▶ **Work instructions**: Taking the line with "EtherSpher Federmäppchen mit" as the first and the line with "Zenna Home Straight" as the last, set down the lines below exactly, pictures excluded.

▶ **Supplied material**:
------------------------------------------------------------------------
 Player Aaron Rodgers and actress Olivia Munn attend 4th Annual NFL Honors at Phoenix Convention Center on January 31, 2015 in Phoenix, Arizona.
------------------------------------------------------------------------
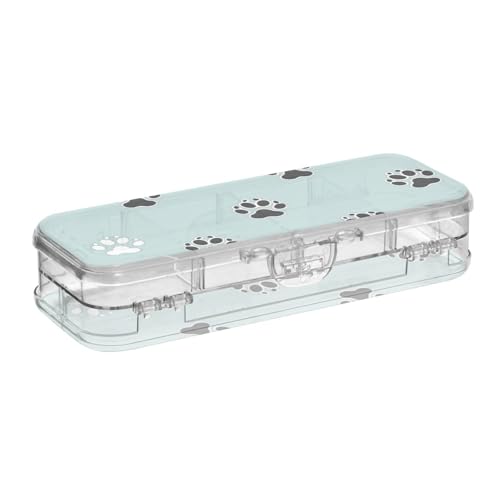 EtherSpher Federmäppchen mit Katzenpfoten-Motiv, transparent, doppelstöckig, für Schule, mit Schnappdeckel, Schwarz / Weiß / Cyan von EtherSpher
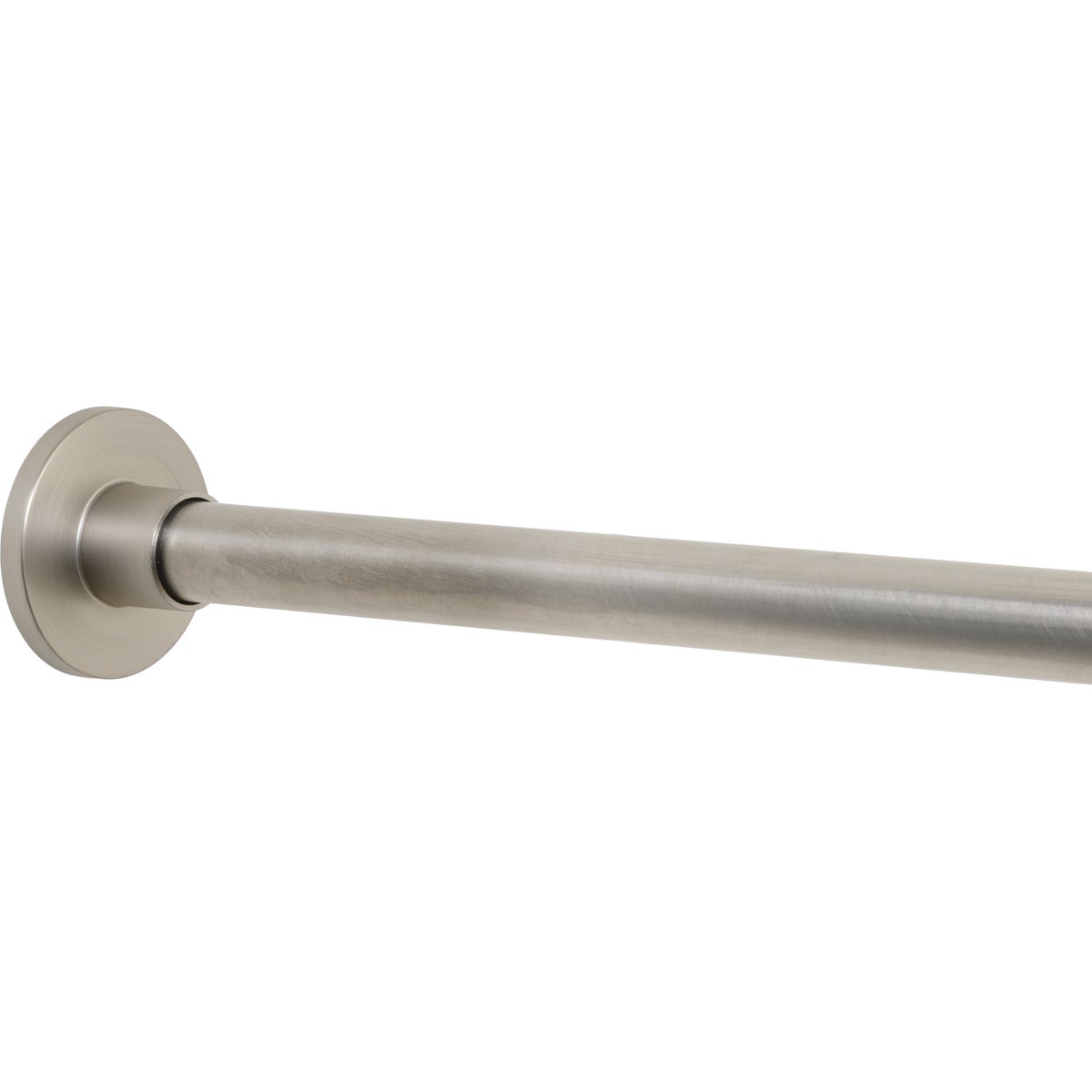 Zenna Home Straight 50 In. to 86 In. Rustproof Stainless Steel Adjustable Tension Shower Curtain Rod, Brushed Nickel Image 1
------------------------------------------------------------------------
▶ **Result of the task**:
 EtherSpher Federmäppchen mit Katzenpfoten-Motiv, transparent, doppelstöckig, für Schule, mit Schnappdeckel, Schwarz / Weiß / Cyan von EtherSpher
 Zenna Home Straight 50 In. to 86 In. Rustproof Stainless Steel Adjustable Tension Shower Curtain Rod, Brushed Nickel Image 1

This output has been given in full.